◆ EXERCISE DATA ◆
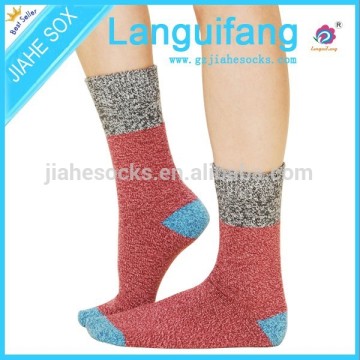 2016 Fashion Double Needle Custom Design Woman Ankle Socks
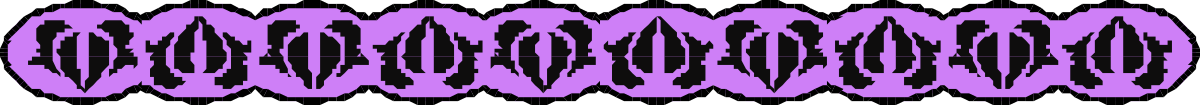 Purple and Black Patterned Borders and Bars Clipart for Creative Projects
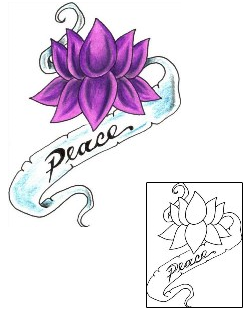 Peace Symbol Tattoo Plant Life tattoo | JJF-01343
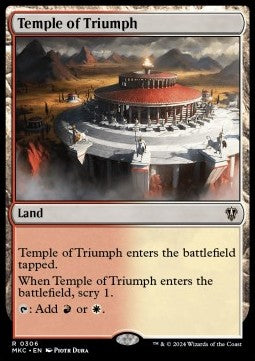 Temple of Triumph MKC-306 Rare Near Mint Englisch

◆ WHAT IS NEEDED ◆
Leave every picture out and copy precisely the lines from the one containing "Purple and Black" through the last line of the data above, both ends included.

◆ EXERCISE OUTPUT ◆
 Purple and Black Patterned Borders and Bars Clipart for Creative Projects
 Peace Symbol Tattoo Plant Life tattoo | JJF-01343
 Temple of Triumph MKC-306 Rare Near Mint Englisch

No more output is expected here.